Dat er synergiën zijn en komen, is onvermijdelijk en ook noodzakelijk in de mediasector, die ook een economische sector is. Het is duidelijk dat elk bedrijf dat opportuniteiten ziet, die zal aangrijpen om zich te versterken. De integratie van mediaspelers is een beweging die men in verschillende Europese landen ziet en die ook noodzakelijk is om als lokale mediasector te kunnen blijven concurreren met internationale spelers.

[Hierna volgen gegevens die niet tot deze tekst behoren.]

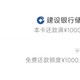 支付宝建行储蓄卡还信用卡立减10元！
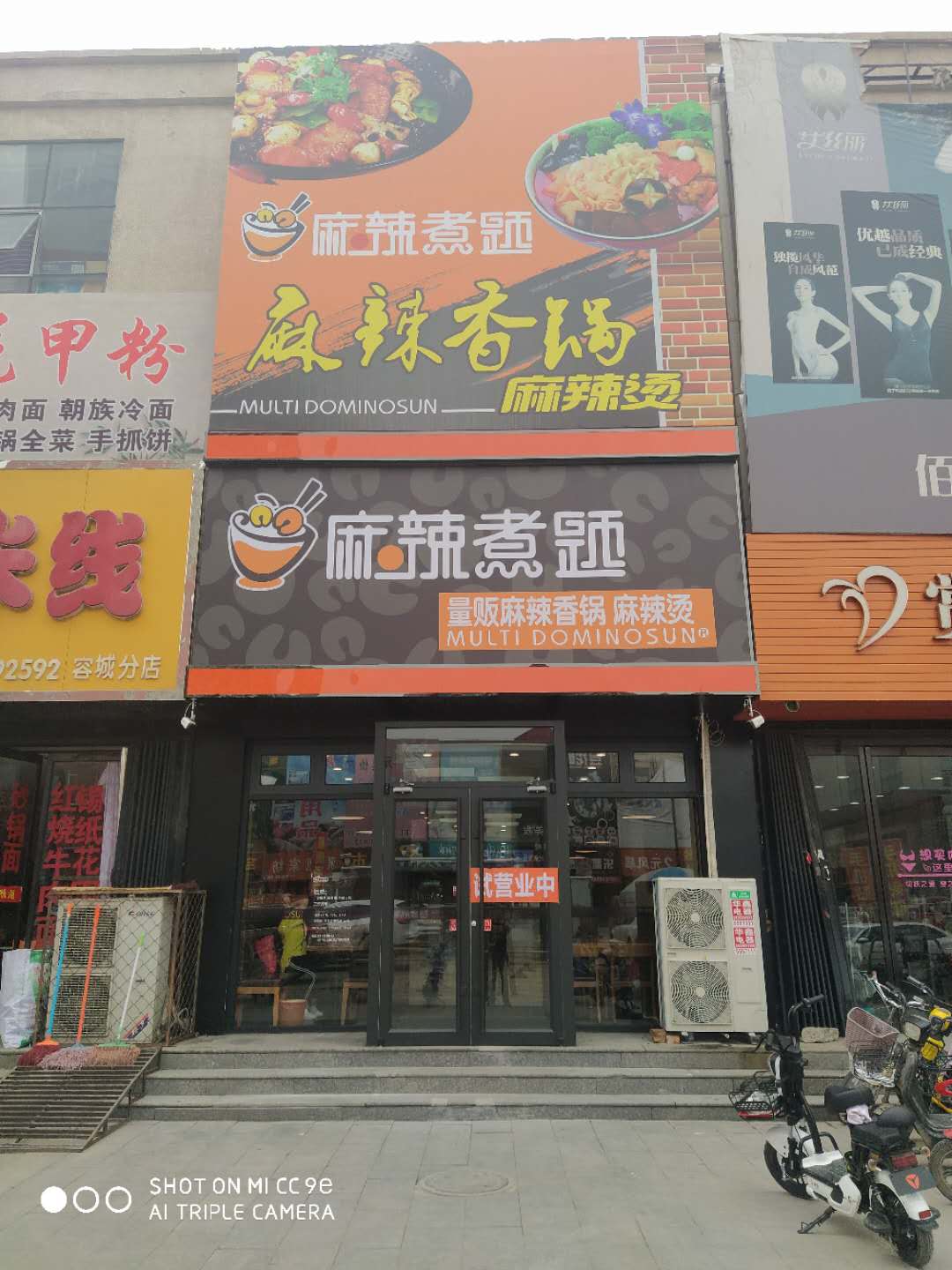 容城(chéng)：麻辣煮題（雙隆店(diàn)）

Maar die bewegingen worden uiteraard steeds op hun concurrentie- en mediarechtelijke aspecten opgevolgd door de Belgische en Europese mededingingsautoriteiten enerzijds en de mediaregulatoren – waaronder natuurlijk de VRM – anderzijds. Zij hebben daar hun rol te spelen, zoals wettelijk en decretaal voorzien.
De VRM heeft me laten weten dat uit een eerste analyse van mogelijke effecten van deze overname op vier segmenten van de waardeketen, namelijk de productiehuizen, de omroepen, de distributeurs en de advertentiemarkt, gebleken is dat die impact beperkt zal zijn.

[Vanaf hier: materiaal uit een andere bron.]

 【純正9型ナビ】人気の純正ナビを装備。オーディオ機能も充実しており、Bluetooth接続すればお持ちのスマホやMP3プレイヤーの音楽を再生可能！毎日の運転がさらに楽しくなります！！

U hebt verwezen naar zogenaamde ‘Chinese walls’. Ik herinner op dat vlak aan mijn antwoord in de commissievergadering van 11 februari jongstleden. Noch de Europese Commissie, noch de Belgische Mededingingsautoriteit heeft in het verleden zogenaamde ‘Chinese walls’ opgelegd tussen telecomoperatoren en mediabedrijven. Zij zijn van mening dat dit niet nodig is om de concurrentie correct te laten spelen. Ook de VRM liet mij weten dat in dit specifieke geval het opleggen van ‘Chinese walls’ niet opportuun is. Ik ben zelf ook niet van plan om hierin tussen te komen of decretaal in te grijpen.
Het kunnen laten overleven van een gezonde lokale mediasector is onze prioriteit, dat weet u. Samenwerking tussen lokale spelers is een deel van de oplossing. Dat is ook het uitgangspunt – dat weet u – van ons regeerakkoord en de beleidsnota Media. Het is natuurlijk goed om te zien wanneer dat ook in de praktijk toepassing vindt. We hebben het volste vertrouwen in de deskundigheid en ervaring van de verschillende regulatoren die toezien op de wettelijke en decretale voorschriften.
Mevrouw Segers heeft het woord.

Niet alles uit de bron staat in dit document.